Intervention de Mathias Moulin

Réunion du jeudi 6 avril 2023 à 9h00
Commission d'enquête relative aux révélations des uber files : l'ubérisation, son lobbying et ses conséquences

Mathias Moulin, secrétaire général adjoint de la Commission nationale de l'informatique et des libertés (Cnil) :

Tout à fait, et elle permet également une certaine cohérence. La dimension européenne de cette procédure lui conférant une portée globale, les autorités peuvent prendre des mesures touchant l'ensemble des plateformes qui opèrent au sein de l'Union européenne.
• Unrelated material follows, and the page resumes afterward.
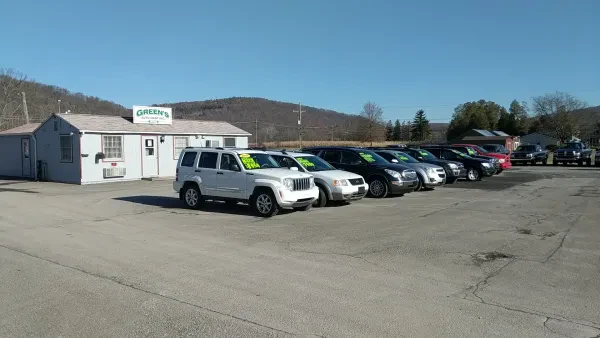 Green's Auto Mart Inc. - photo 2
À la suite des investigations, Uber s'est ainsi mise en conformité en revoyant l'ensemble de son processus d'information et en le rendant entièrement disponible en français. Les différents points à l'origine des plaintes ont donc été résolus au fil de l'instruction.

Si la mise en conformité d'Uber est totale, la décision proposée aura pour but de sanctionner ses irrégularités passées au regard du RGPD. Dans ce cas, aucune injonction de faire ne sera prononcée.

La Cnil peut aussi décider d'injonctions sous astreinte, pour un montant pouvant s'élever à 100 000 euros par jour, afin d'obliger l'entreprise à se mettre en conformité. L'autorité néerlandaise peut très bien, le jour où elle soumettra le projet de décision aux autres autorités européennes, prononcer de telles astreintes à l'encontre d'Uber.

La deuxième catégorie de plainte, relative aux transferts de données hors de l'Union européenne, s'appuie sur l'arrêt dit « Schrems 2 » de la Cour de justice de l'Union européenne (CJUE) qui a constaté un niveau insuffisant de protection des données aux États-Unis et invalidé le bouclier de protection des données dit « privacy shield ». Par conséquent, les entreprises qui y transféraient des données doivent prendre des mesures complémentaires pour garantir leur protection.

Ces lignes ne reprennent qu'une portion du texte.